How is it that a function from $m \times m + 1 \to m$ is the same as a function from $m \times m \to m$ and another $1 \to m$?

Question

I got this assertion from the book "Category Theory for Programmer", but I think it is just a set-theory interpretation. So, the idea is the following, consider a set $m$ with $\times$ as the Cartesian product and $+$ as the disjoint union. Also, take $1:=\{a\}$ as a singleton set.
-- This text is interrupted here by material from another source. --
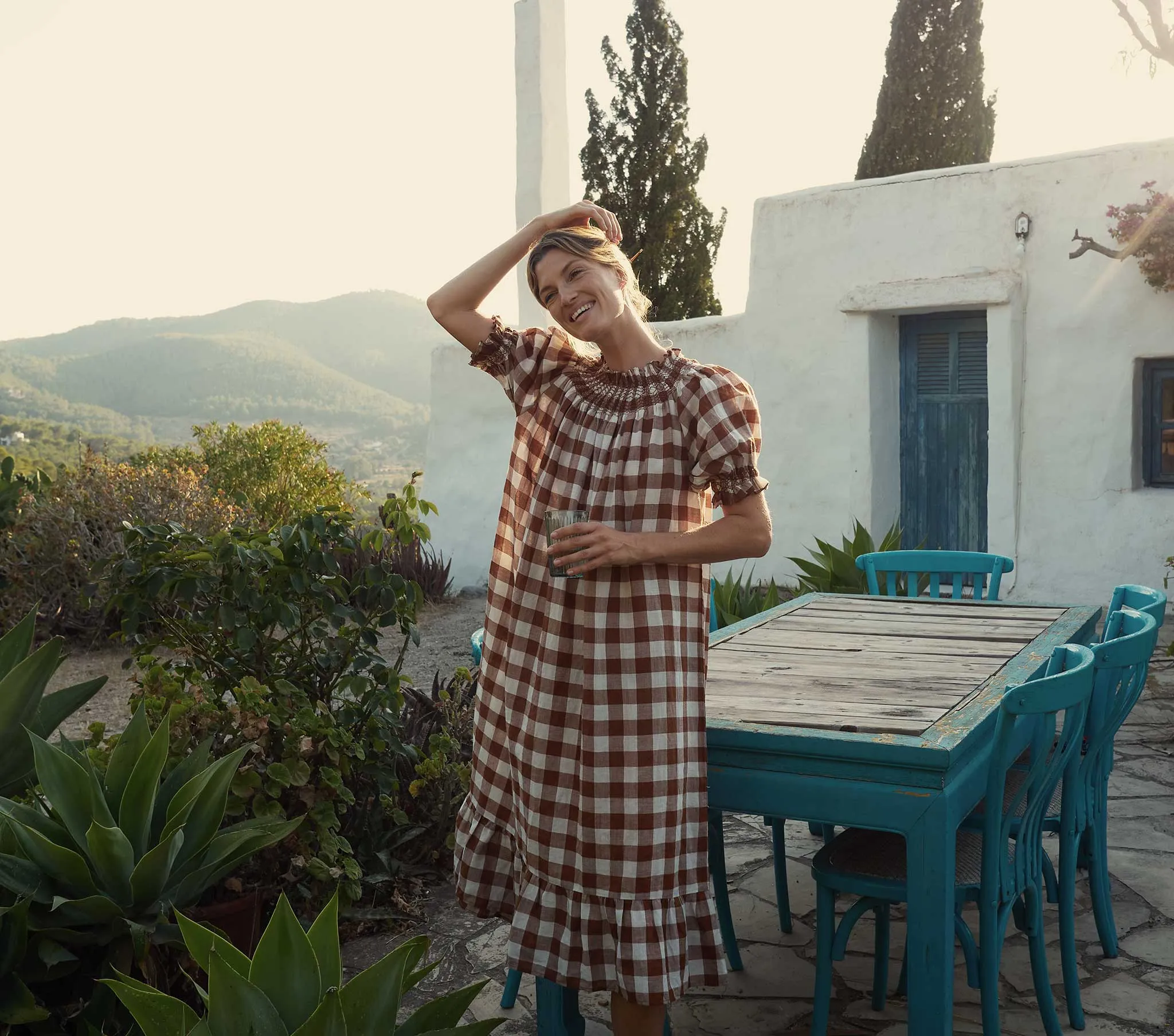 HMD -- RHONE DRESS -- ST OUEN NUTMEG PLAID sold by Doen product image thumbnail 4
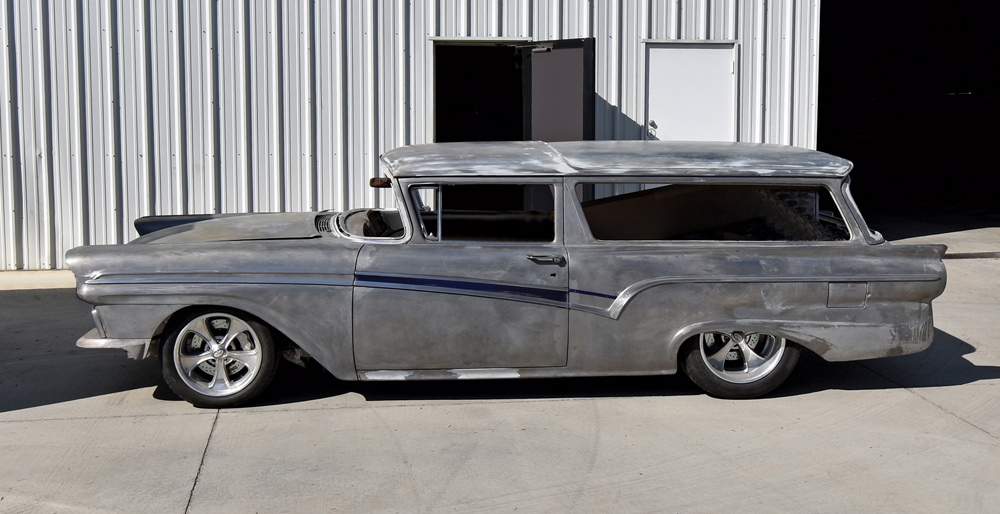 The project started with a sound ’57 Ford Ranch Wagon that was stripped to bare metal at the start of the project.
Now, the book claims that a function $f\colon m \times m + 1 \to m$ is the same as defining two functions, one $\mu\colon m \times m \to m$ and another $\eta\colon 1 \to m$.

This might seem silly, but I haven't been able to figure out why this is the case... From what I understand: $$ m \times m + 1 := \{(x, a) \mid x \in m, a \in 1 \} $$ Hence, a function $f\colon m\times m +1 \to m$ would be pretty much the same as a function from $m \times m \to m$... What am I missing?

Answer 1

The set $m \times m + 1$ defined in this manner is not the set in your question, but rather the set $$m \times m + 1 = \{\,(x,y) \mid x, y\in m\,\} \sqcup \{a\}\text{ .}$$

What the authors are noting is that the restriction of $f$ to $m \times m$ is $f\rvert_{m \times m} = \mu$, and the restriction of $f$ to $1$ is $f\rvert_1 = \eta$, so that $f = \mu \sqcup \eta$.

Answer 2

Isn't it just because $$f(x) = \begin{cases} \mu(x), & x \in m\times m\\ \eta(x), & x \in 1 \end{cases}$$ since $m\times m$ and $a$ are disjoint?

Said differently, $\left.f\right|_{m\times m} = \mu$ and $\left.f\right|_{1} = \eta$.

Answer 3

Just to add to the already present and good answers with some more background details :

This is the universal property of the sum/disjoint union, i.e. when defining $+$ (also sometimes denoted $\coprod$), we have an isomorphism $Hom(\coprod_iX_i,Y)\simeq \prod_i Hom(X_i,Y)$, hence specifying a map $\coprod_iX_i \to Y$ is the same as specifying a sequence of maps $f_i:X_i\to Y$. In your example this translates to, as others have pointed out, giving a map $m\times m \to m$ and a map $1\to m$.